An exact copy of the listing is what is needed here; write it out in full.

[Opening Dataset content section]

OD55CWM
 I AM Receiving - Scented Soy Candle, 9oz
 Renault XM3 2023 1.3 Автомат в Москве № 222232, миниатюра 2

[Closing Dataset content section]

* Task output:
OD55CWM
 I AM Receiving - Scented Soy Candle, 9oz
 Renault XM3 2023 1.3 Автомат в Москве № 222232, миниатюра 2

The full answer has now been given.